No puedo imaginarme a los autores intelectuales y materiales
de la carnicería terrorista perpetrada el fin de semana pasado en Egipto
argumentando a cámara las razones de su acción. No concibo un escenario
internacional que permitiera a los decapitadores de rehenes en Irak treparse en
el podio de Naciones Unidas para pronunciar un discurso justificatorio de sus
prácticas asesinas y advertir a Estados Unidos, a Israel, a Occidente, lo
equivocado de sus políticas hacia los árabes o hacia el mundo islámico en general.
No logro entender cómo tendría que estar construido un planeta en el que los
periodistas rindieran todos los días sus cámaras y sus micrófonos ante la
palabra de los desmembradores de civiles en Bagdad o Tel Aviv. La fortaleza de
estómago tiene sus límites y la cobertura del compromiso informativo casi nunca
llega hasta la exposición detallada de los pensamientos de un criminal en el
instante en que acuchilla la panza de una mujer embarazada.
Esas imposibilidades tienen por fundamento el asco, la más
elemental de las reacciones éticas, el eslabón final, a veces el único, y el
más fuerte, entre la fisiología y la moral. Hay situaciones tan injustas, tan
aberrantes y tan contrarias a la piedad, en las que al organismo no le queda
otra forma de protesta que negarse a asimilar la ingesta reciente y opta por
devolverla, como si la asamblea de sustancias que nos gobiernan --hormonas,
feromonas, adrenalina, yo qué sé-- decretara una huelga de hambre inmediata y
retrospectiva. Uno supone, a primera vista, que un mecanismo tan básico de
defensa de la integridad personal tendría que ser irreductible a las ideologías
e indomesticable por la propaganda machacona de todos los días.

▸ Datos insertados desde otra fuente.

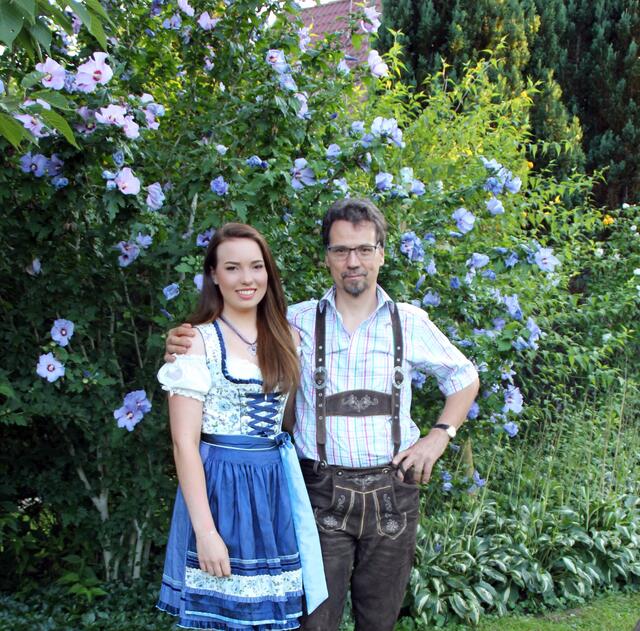 Redakteurin Katharina Pollan, hier mit ihrem Vater Ernst, fiebert dem Villacher Kirchtag 2021 entgegen. | Foto: Privat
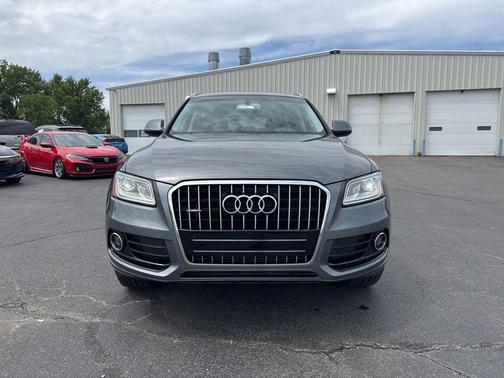 Monsoon Gray Metallic 2015 Audi Q5 3.0T Premium Plus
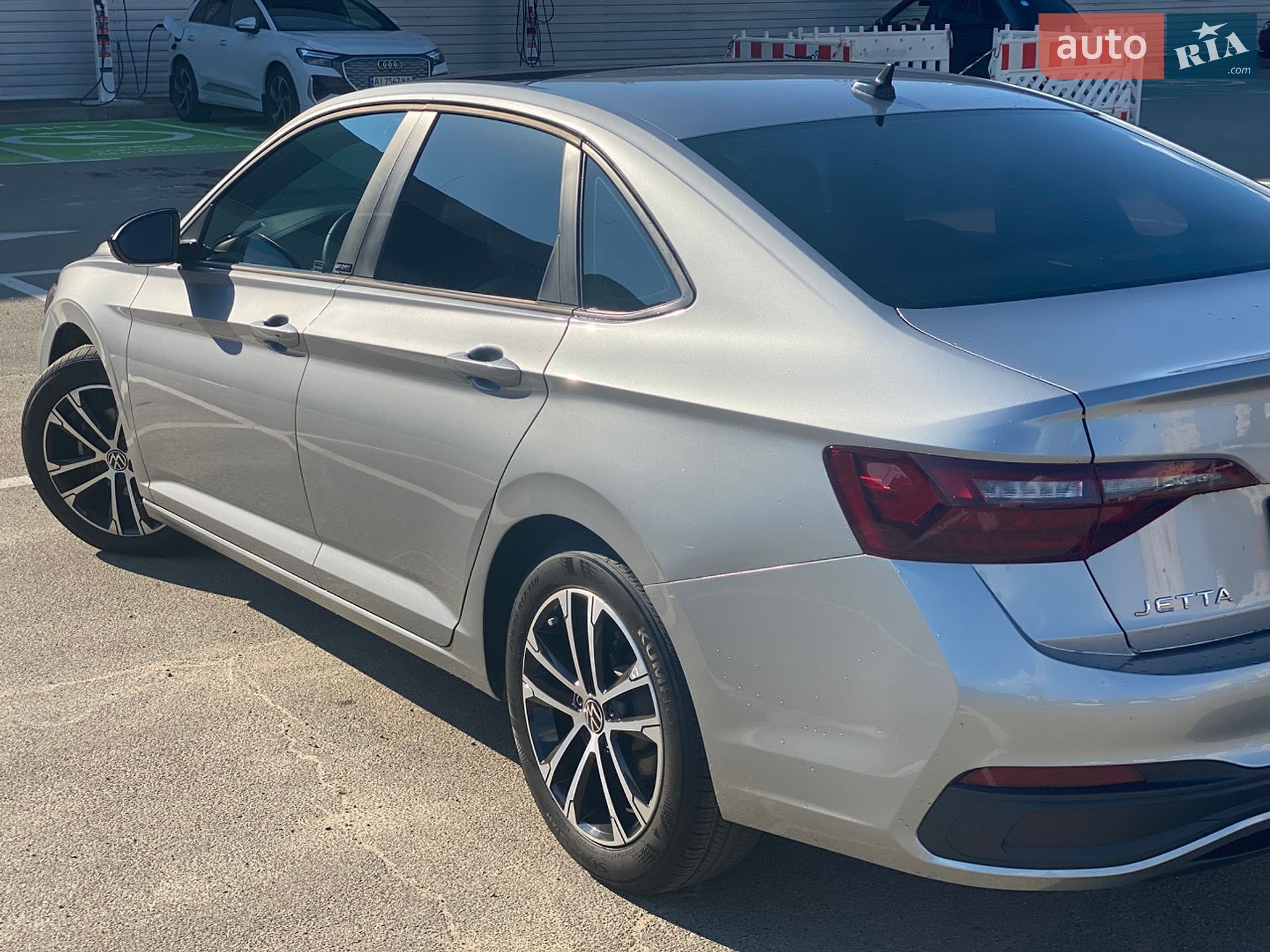 Volkswagen Jetta 2023 VIN 3VWSM7BU7RM029878 фото оголошення 4 з 41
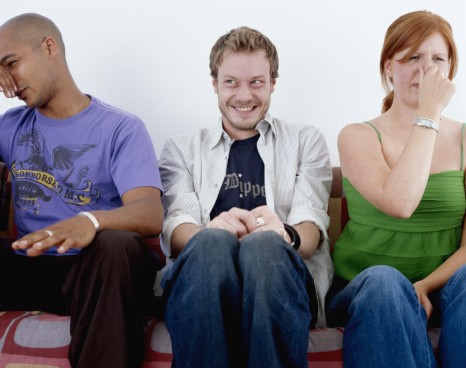 Kalau Sudah Tidak Sanggup Menahan, Begini Caranya Kentut Tanpa Ketahuan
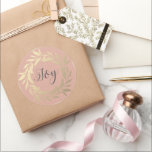 Adesivo Chic Script Joy Dourado Wreath Christmas Dusty Pin<br><div class="desc">Vestido de envelope festivo de Natal ou adesivo de presente com o texto 'Joy' na caligrafia manuscrita em chic, sobre fundo rosado empoeirado e um toque na moda de coroa dourada. Se precisar de ajuda ou produtos correspondentes, entre em contato conosco em happydolphinstudio.com. Desenvolvido exclusivamente para você pelo Happy Dolphin...</div>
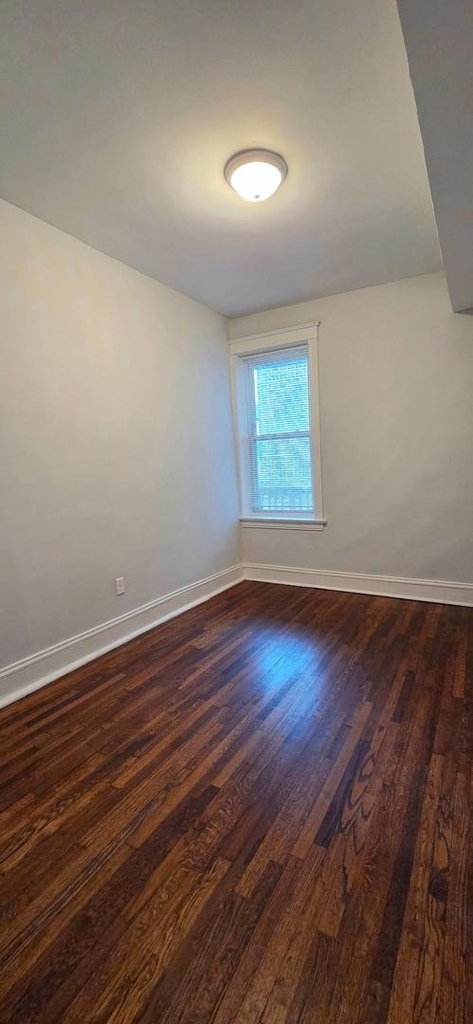 901 N Leavitt Street - Photo 11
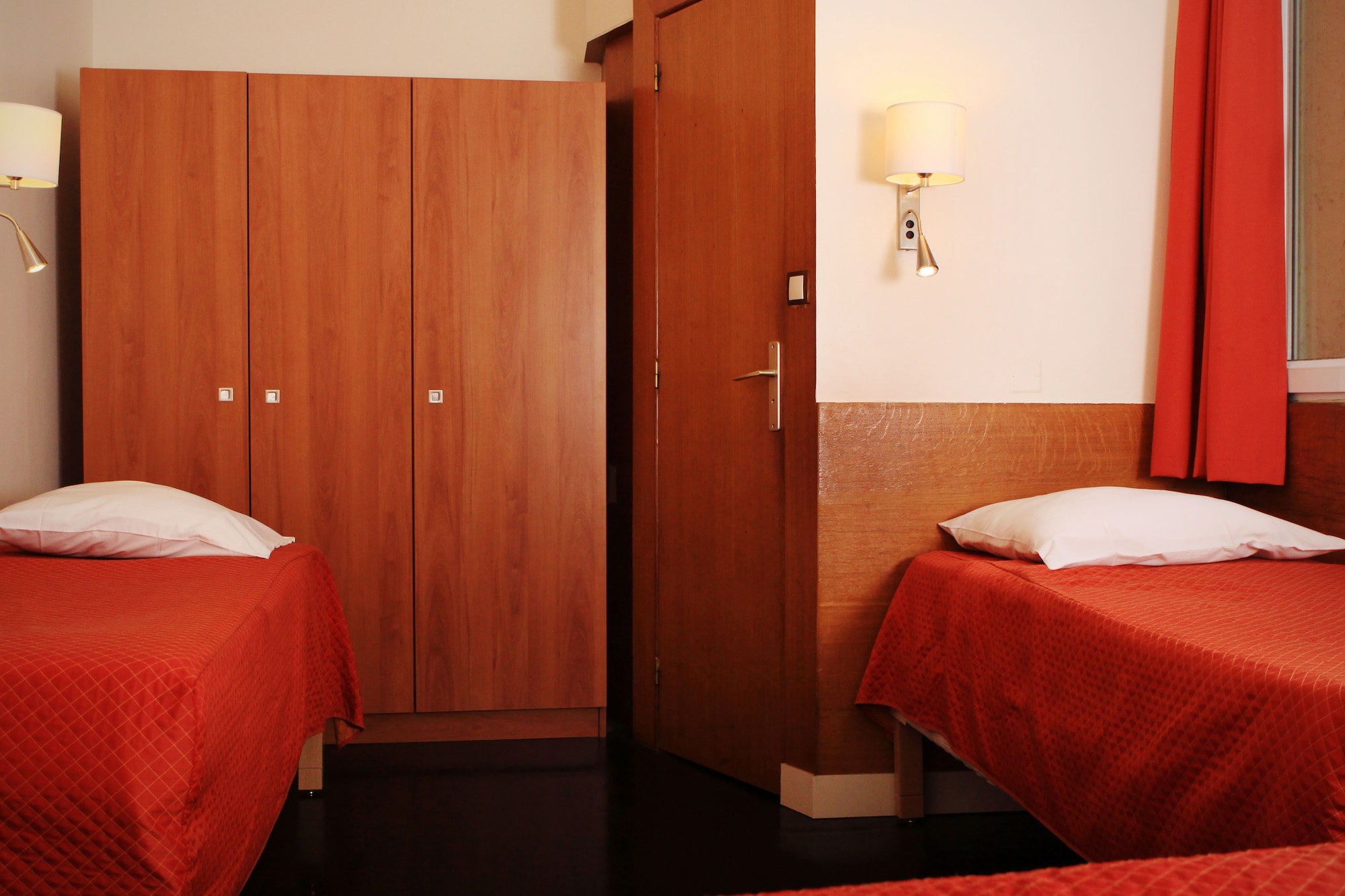 ROOM, QUADRUPLE, SHARED BATHROOM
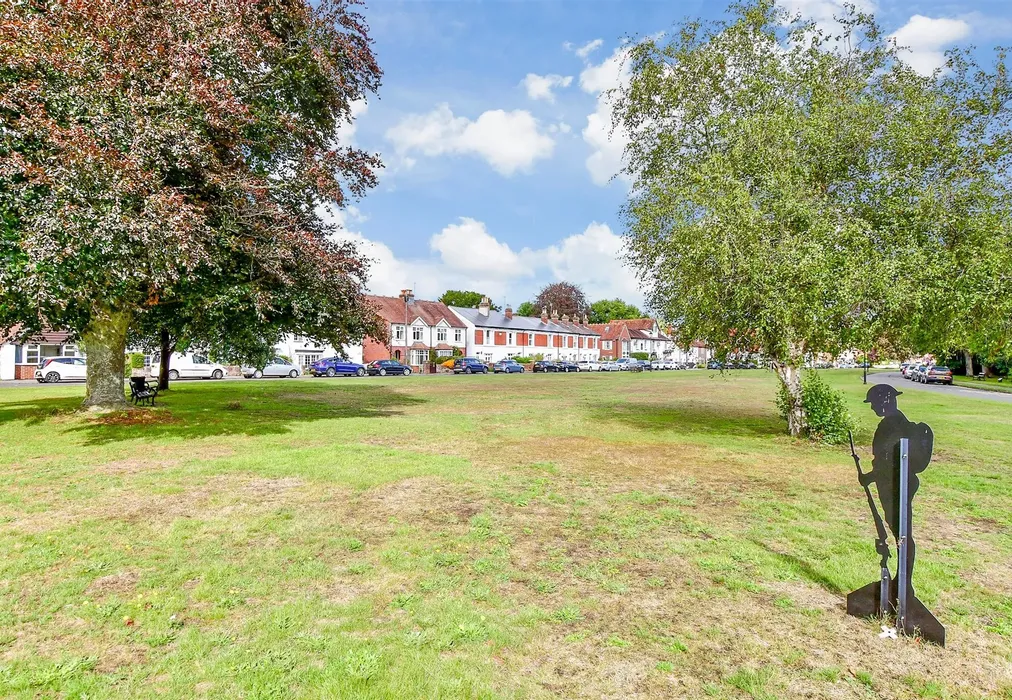Surrounding Area - Links Lane, Rowland's Castle, Hampshire - Wards of Kent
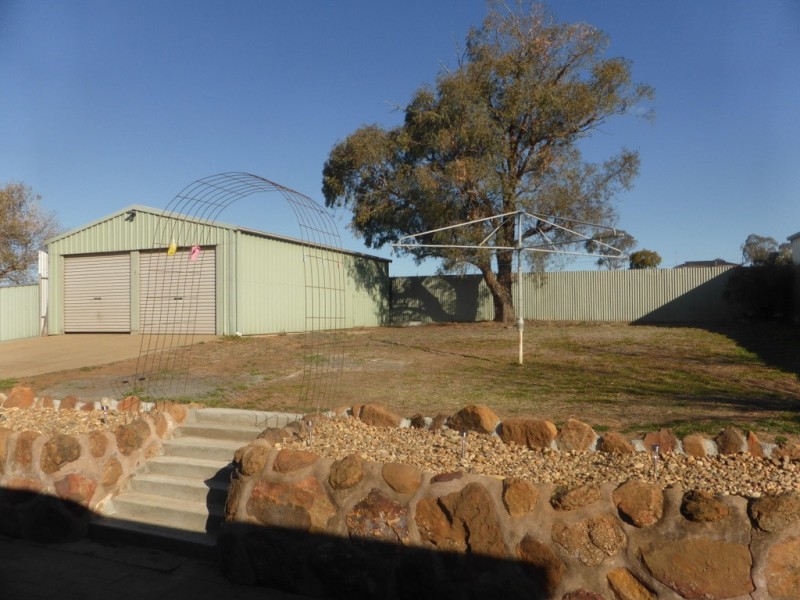 81 Woodward Street, Parkes NSW 2870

Pero qué va. Nos hemos habituado a deglutir la cena con la
variedad de fondo de las masacres sistemáticas de palestinos y los saldos
gráficos de las acciones militares estadunidenses que han matado, “por error”,
a decenas de miles de amas de casa, niños, dentistas y ancianos. (En año y
medio la fuerza armada más computarizada, precisa e inteligente del mundo ha
tenido entre 13 mil 182 y 15 mil 248 errores con los civiles iraquíes, y sólo
Dios sabe cuántos con los afganos. Es curioso, frente a tanta torpeza, que las
equivocaciones en materia de bajas por “fuego amigo” no lleguen, en ambos
casos, a 40. Pareciera que las leyes de Murphy que gobiernan las fallas de
comunicación y de puntería están diseñadas para eliminar a la mayor cantidad
posible de habitantes de las naciones invadidas.) Me pregunto cuántos
televidentes lograron llegar al postre cuando algunas televisoras transmitieron
el video en el que unos mamarrachos encapuchados cortan la cabeza a Nick Berg,
su víctima pionera, en nombre de Alá. Quién sabe cómo reaccionaríamos si,
después de ver a señoras desfiguradas por la onda expansiva de artefactos
rudimentarios plantados por fundamentalistas, éstos salen a cámara a lamentar
los hechos y a decir que seguirán con sus acciones porque son un asunto de
seguridad nacional. En cambio, las tomas cotidianas de niños mechados con
esquirlas de misiles israelíes y estadunidenses han sido aceptadas por la
etiqueta de los restaurantes y de los comedores hogareños.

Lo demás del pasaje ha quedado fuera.